I justify it as an investment on my health and sanity..


----------



## Oxtox

not familiar with Oval Concepts products...

but, looking at their website, most of the parts you listed are their 'entry level' items...

Oval Concepts Road

the 105 stuff is decent enough, the brakes are sorta meh.

for $900, you weren't expecting top-of-the-line components were you...?

I'd just put a bunch of miles on it and wear stuff out so I could justify an upgrade in a couple of years.


----------



## MMsRepBike

It's a lower end road bike with cheap parts on it.

The brakes are pretty bad, the crank is cheap. Everything that says Oval on it is a "house brand" low cost alternative to an established company's part.

It doesn't make it a bad bike, but I wouldn't be looking too closely at it. You can do yourself a HUGE favor by upgrading the entire groupset to Shimano 5800. You can buy the entire groupset for about or less then $400 and every single part of it will be a big upgrade to what you have.

So you understand what I mean, a groupset is the following:

Shift/brake levers
The cables and housing to go with them
Brakes
Front and rear derailleurs 
Crankset
Cassette
Chain
Bottom bracket

aka everything you need to upgrade all of your drivetrain and brakes.

5800 is the new 11-speed 105 level of components from Shimano

This will get you better braking.
This will get you better shifting.
This will give you the chance to pick your perfect gearing.
This will upgrade you to 11-speed.

Ribble.com (in the upper right choose the USA and US dollars)

Might want to get some nicer wheels, that's up to you. Those are fine if they can handle 11-speed.


Or not. Or you can just accept what you have and ride the hell out of it. There's nothing at all special about anything on your bike but it all works. Fuji is part of a much larger corporation that did indeed cut many corners and costs on your bike but it's still fine to ride. If you want to upgrade, just do the above and go from there.


----------



## tlg

mm9 said:


> It's new 2013 Roubaix 1.0 from my local Performance Bicycles shop
> 
> First - this bike is a "Performance Exclusive" - what does that typically mean in terms of tradeoffs?
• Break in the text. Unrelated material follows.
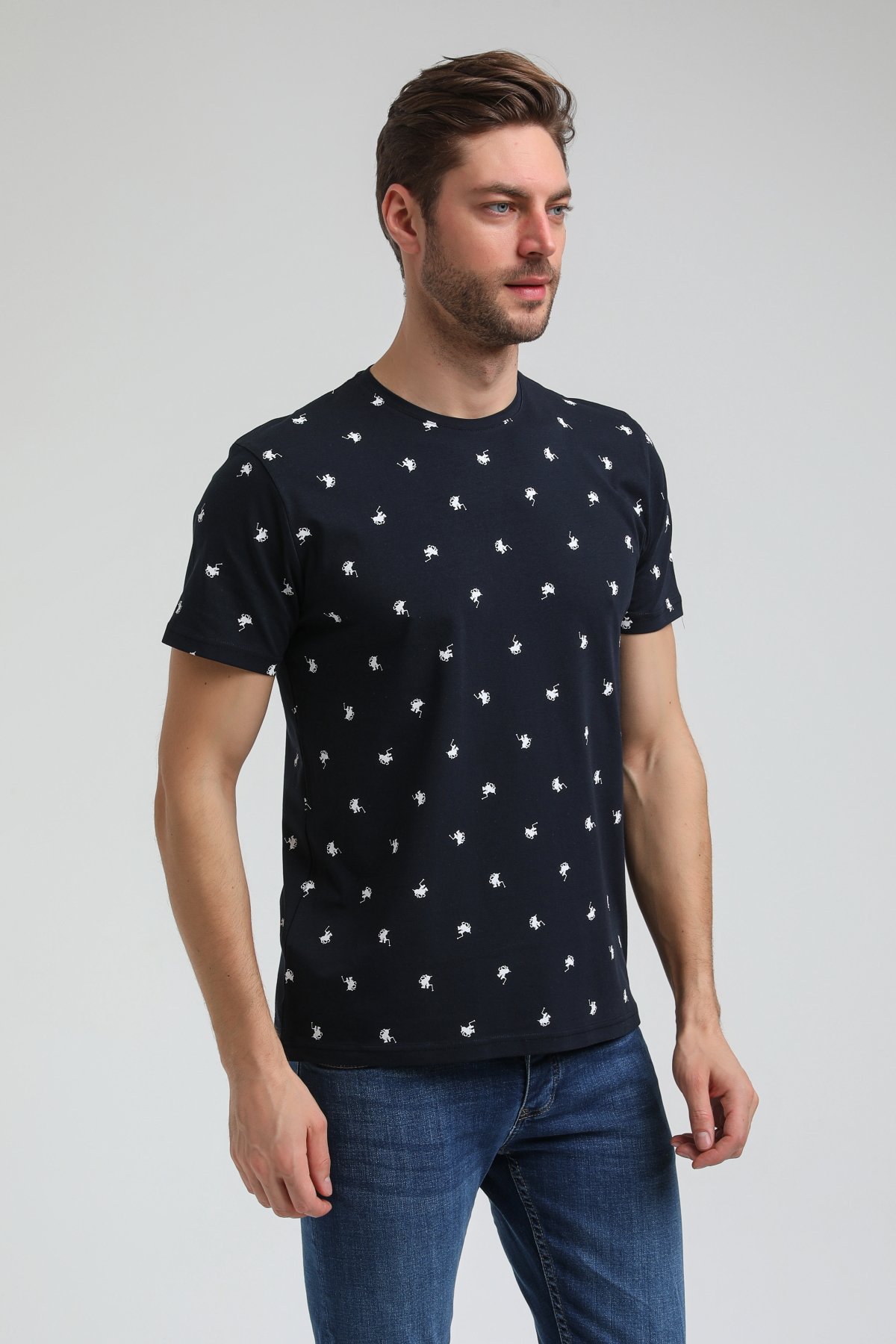 New World Polo Bisiklet Yaka Lacivert Slim Fit Tişört 23SSM20357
It means the specs on the bike are exclusive to Performance. If you go on the Fuij website and look at the specs for the Roubaix 1.0 they will be different from yours. So if you went to a non-performance dealer and got a 1.0 it'd be spec'd different.

Without looking at and comparing all the components, I couldn't guess what's different or if it's better or not. But my guess would be it's equally spec'd. Perhaps Performance has an agreement with one of the parts suppliers that doesn't allow them to carry other brands. 
Or maybe they get better pricing because of volume so the spec'd parts are slightly better. 
Either way, the difference would be marginal. It's a decent entry bike so ride it and enjoy.


----------



## Oxtox

MMsRepBike said:


> It's a lower end road bike with cheap parts on it.
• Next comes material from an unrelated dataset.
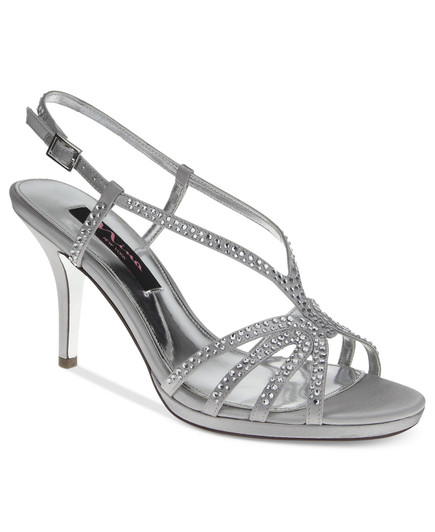 Nina Bobbie Women Open Toe Heeled Sandals, Silver Us 9(15357059)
doesn't make much sense to spend $400 on a new group, couple of hun more to get everything installed, and then more money on new wheels...that will more than double his original cost.

just ride it to death and/or demote it to rain / backup duty, then upgrade to something better.


----------



## Lara9261

If you feel the need to change something, then #1 priority for me would be the brakes. Change them to 105 and it will be significant enough to increase confidence. put 2500 miles on it then decide to change or not to chance. My 2 cents..


----------



## tlg

MMsRepBike said:


> You can do yourself a HUGE favor by upgrading the entire groupset to Shimano 5800. You can buy the entire groupset for about or less then $400 and every single part of it will be a big upgrade to what you have.
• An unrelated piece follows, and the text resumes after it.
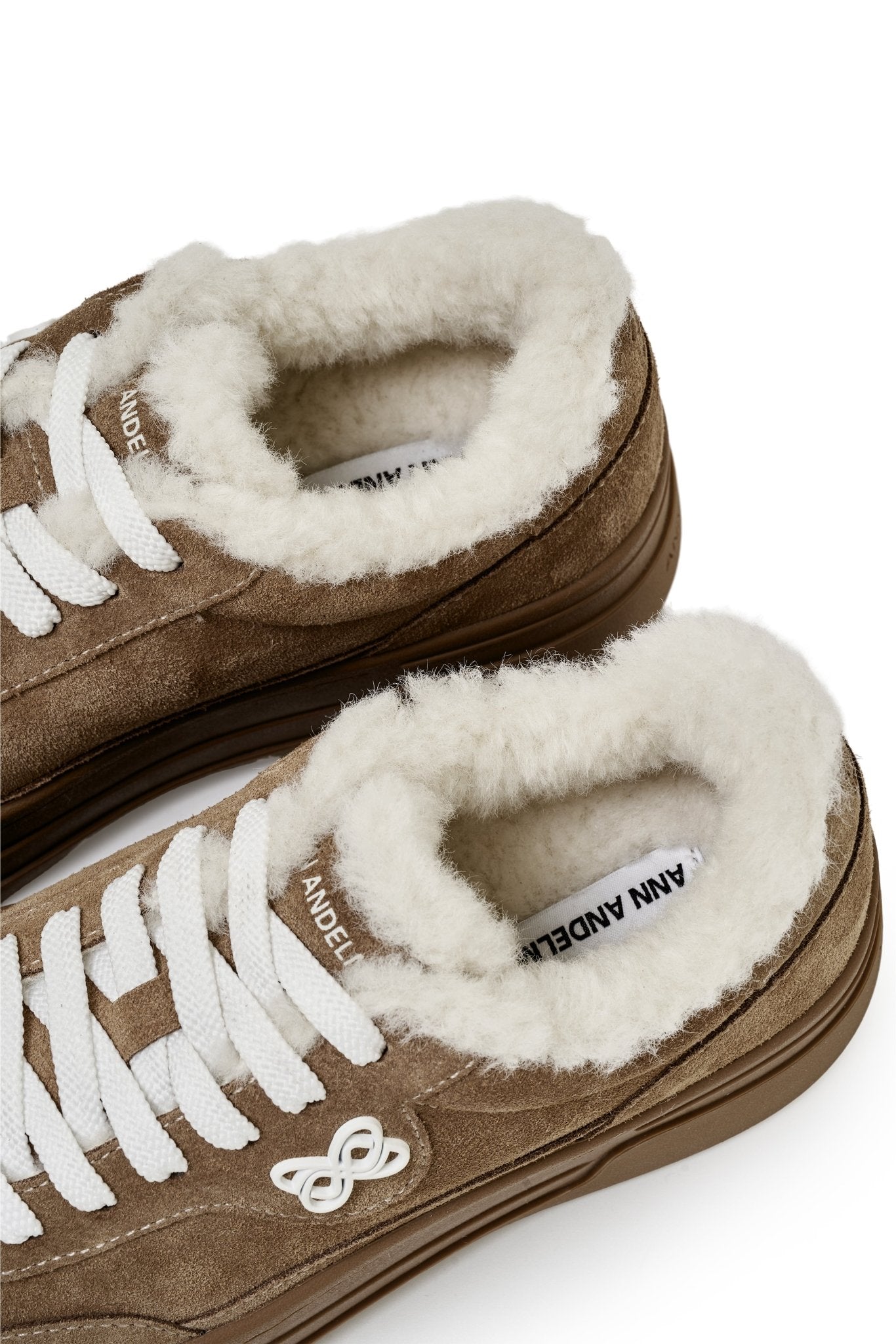 Ann Andelman Brown Fleece-lined Platform Sneakers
That would be silly on a brand new bike. 105 shifts fine. Spending $600 to upgrade a brand new bike would produce marginally better performance. 
He'd be better to return the bike to Performance and add the $600-$700 to purchase a better bike.



> So you understand what I mean, a groupset is the following:
> 
> Shift/brake levers
> The cables and housing to go with them
> Brakes
> Front and rear derailleurs
> Crankset
> Cassette
> Chain
> Bottom bracket
> 
> aka everything you need to upgrade all of your drivetrain and brakes.
> 
> 5800 is the new 11-speed 105 level of components from Shimano


What's he going to do with his 10sp wheels? You need to include that in the price. You've exceeded the entire cost of his bike for an "upgrade".


----------



## ibericb

mm9 said:


> *The goal was to find a decent re-entry to the sport bike, for an inexpensive price*. It's new 2013 Roubaix 1.0 from my local Performance Bicycles shop - was on sale. The price was marked down to $899.


It seems to me like you fulfilled your goal. Well done. 

With that price as a new bike it obviously will be assembled with lower end components. But they should work just fine for entry level. Just ride and enjoy it, until you feel you want/need/deserve something better.


----------



## mm9

ibericb said:


> It seems to me like you fulfilled your goal. Well done.
> 
> With that price as a new bike it obviously will be assembled with lower end components. But they should work just fine for entry level. Just ride and enjoy it, until you feel you want/need/deserve something better.


Part of my curiosity stems from this: When I bought the bike, I knew the 105 stuff was decent for kind of new rider. I figured the other stuff must be cheap because of the price point (Wheelset for example - Oval 327). But, I'm finding many of the same parts on more expensive Fuji's, like the wheels. Example: $2000 full carbon bike with same wheels, fork and seat: Fuji Bikes | ROAD | COMPETITON SERIES | SST 2.3

I'm just curious about that. Are these parts truly the same or is there something I'm not understanding?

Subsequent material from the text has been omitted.